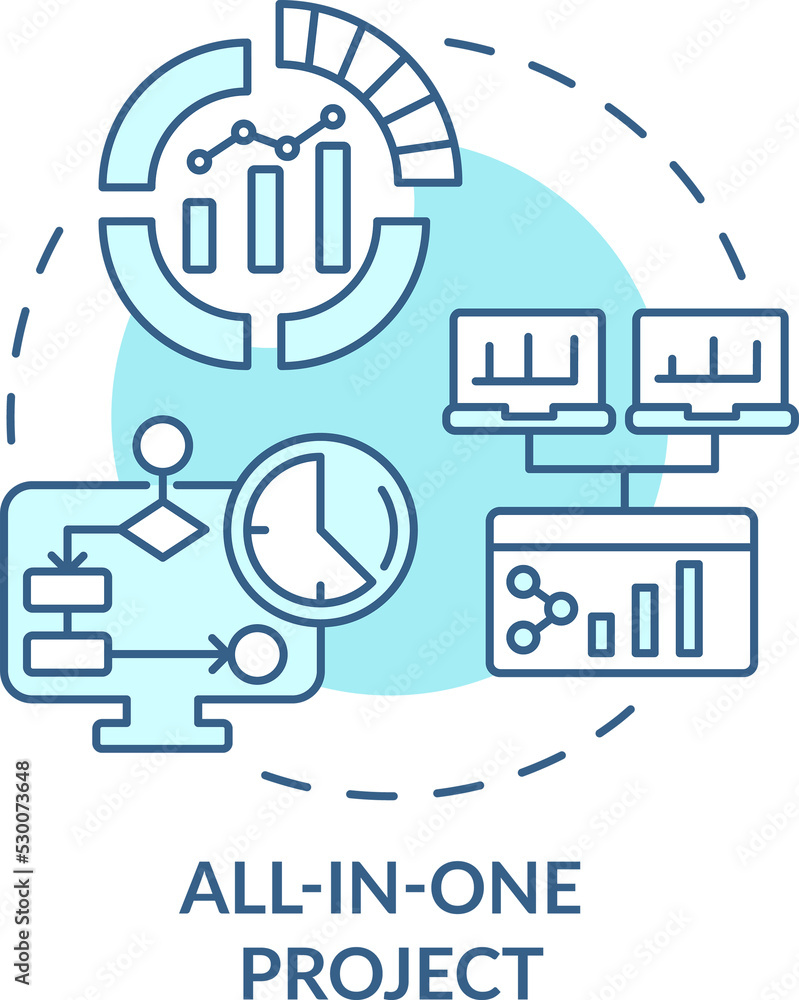 All-in-one project turquoise concept icon. Managing multiple tasks ...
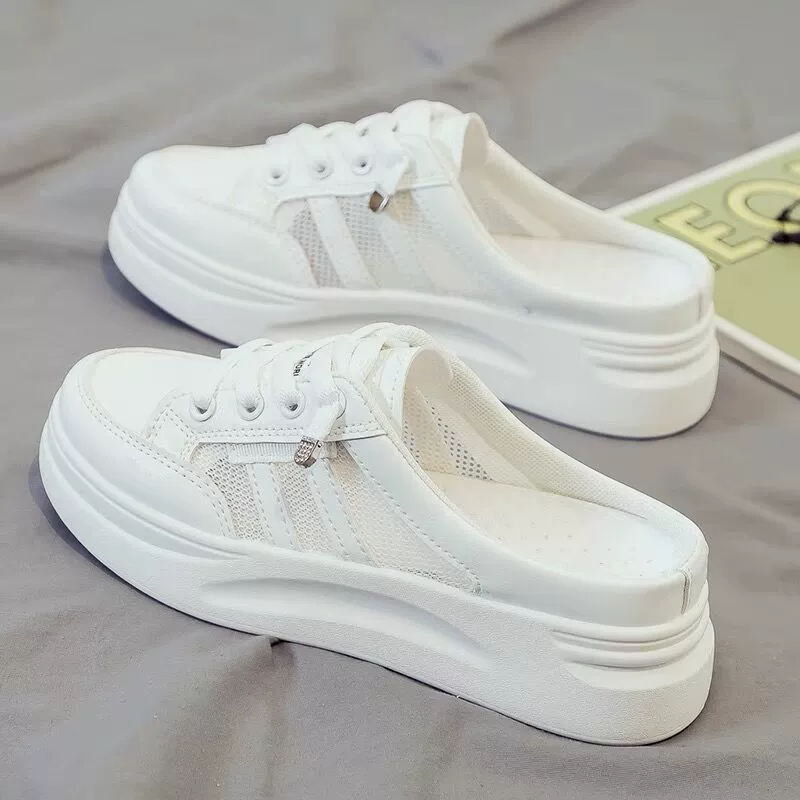 Женские белые полуботинки 2025, новые весенне-летние универсальные сандалии на каждый день с сетчатыми вставками, дышащие, с открытым носком, без шнуровки.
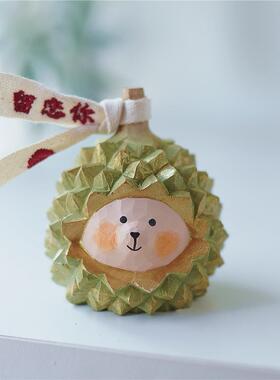 Joe/榴莲小熊小木雕金枕榴莲可爱桌面摆件见面礼创意新年礼物女生
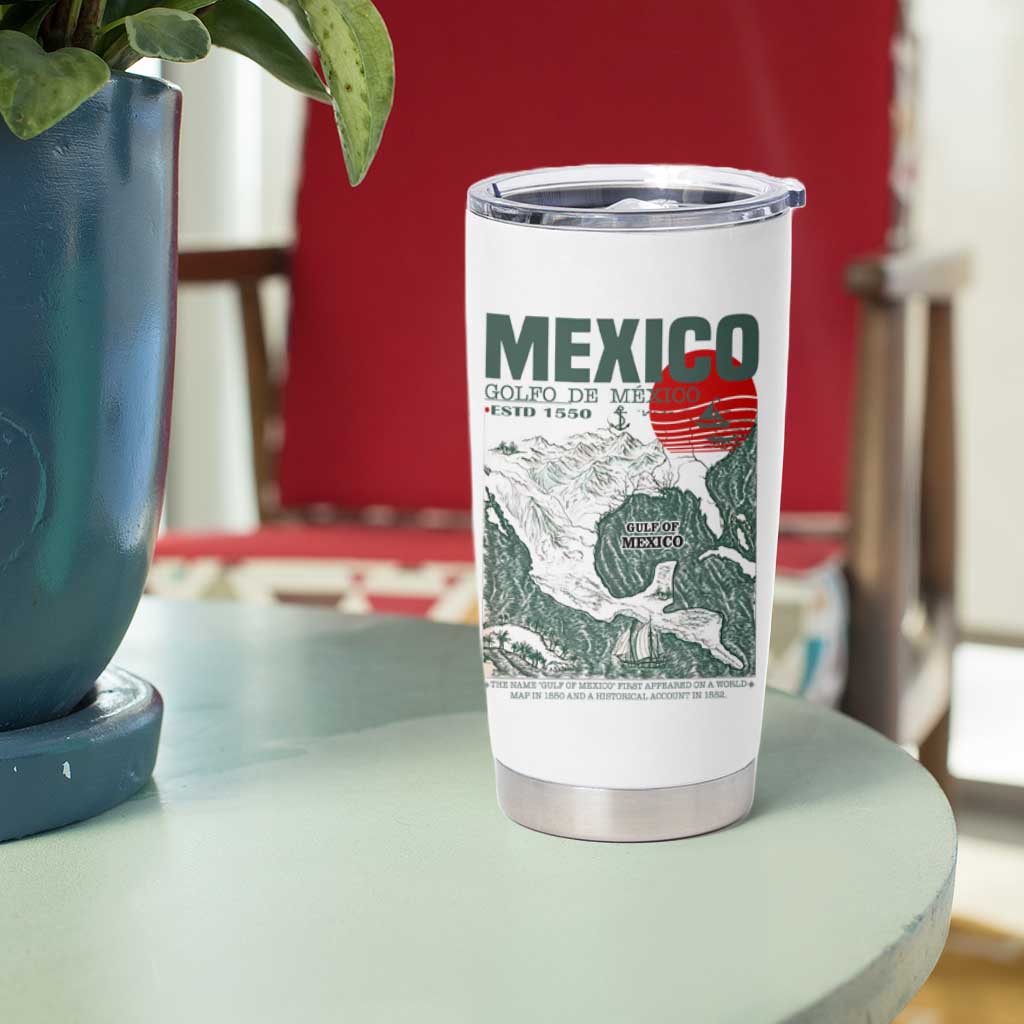 Gulf of Mexico Estd 1550 Tumbler Cup Golfo De Mexico Historic Map Retro Graphic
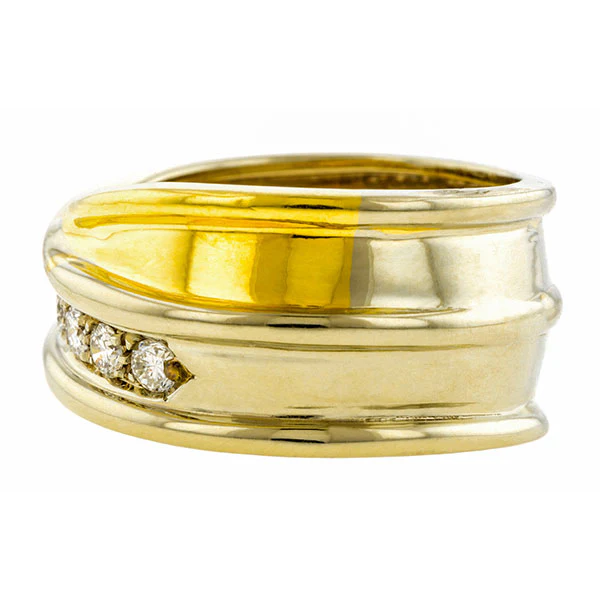 Vintage Two-tone Gold Diamond Crossover Ring, Size 7 - Image 3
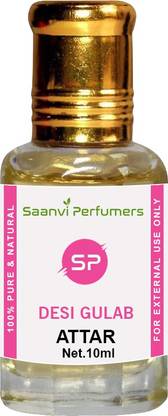Saanvi perfumers Desi Gulab Attar For Unisex - Pure Natural Undiluted (Non-Alcoholic) (10ml) Floral Attar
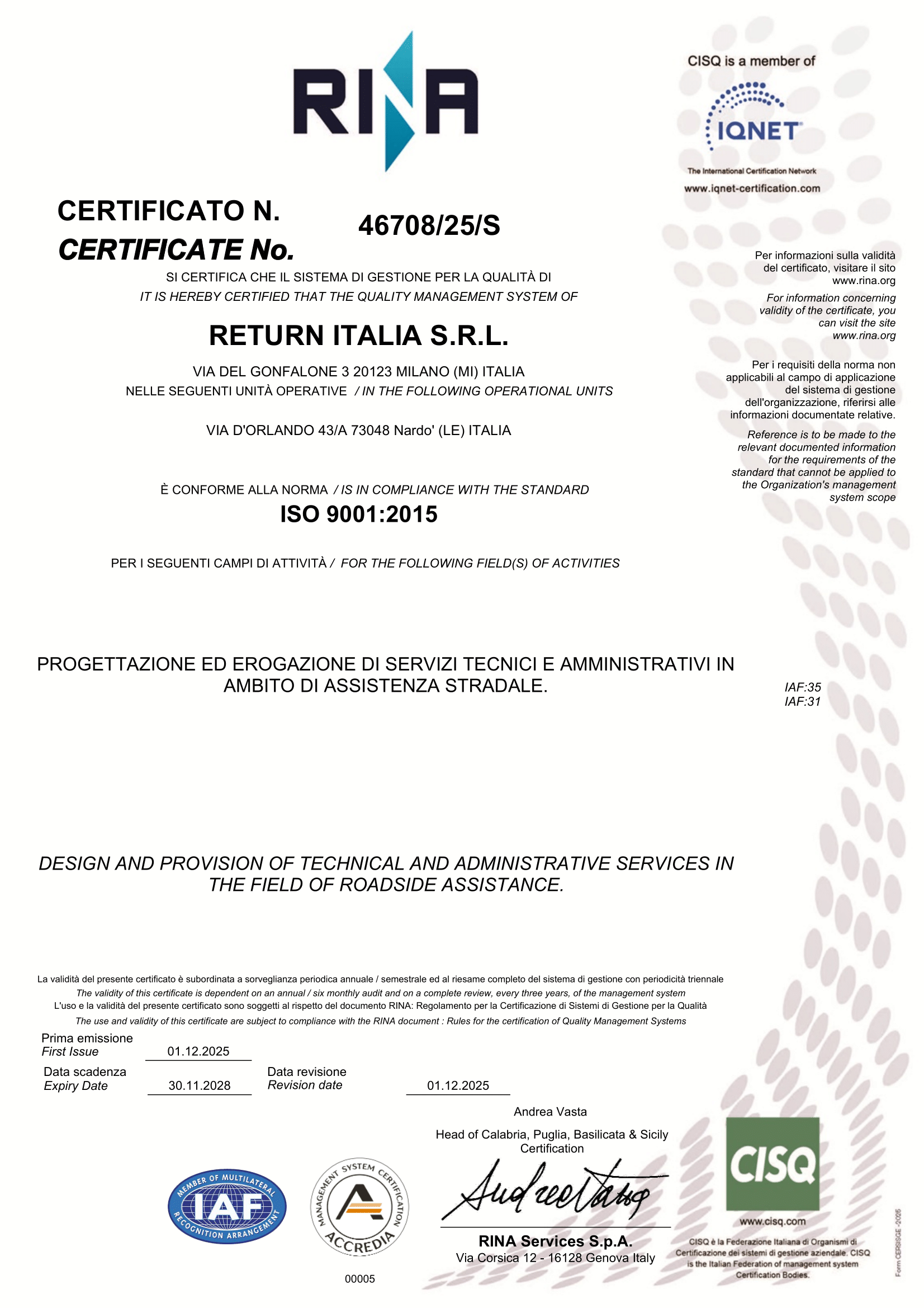 Certificato ISO 9001 Return Italia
▬▬▬▬▬▬▬▬▬▬
→ EXERCISE BRIEF
Please transcribe the lines from the one containing "Gulf of Mexico" to the last line of the listing, both included, exactly and with nothing added, leaving every picture out.

→ WRITTEN RESPONSE
 Gulf of Mexico Estd 1550 Tumbler Cup Golfo De Mexico Historic Map Retro Graphic
 Vintage Two-tone Gold Diamond Crossover Ring, Size 7 - Image 3
Saanvi perfumers Desi Gulab Attar For Unisex - Pure Natural Undiluted (Non-Alcoholic) (10ml) Floral Attar
 Certificato ISO 9001 Return Italia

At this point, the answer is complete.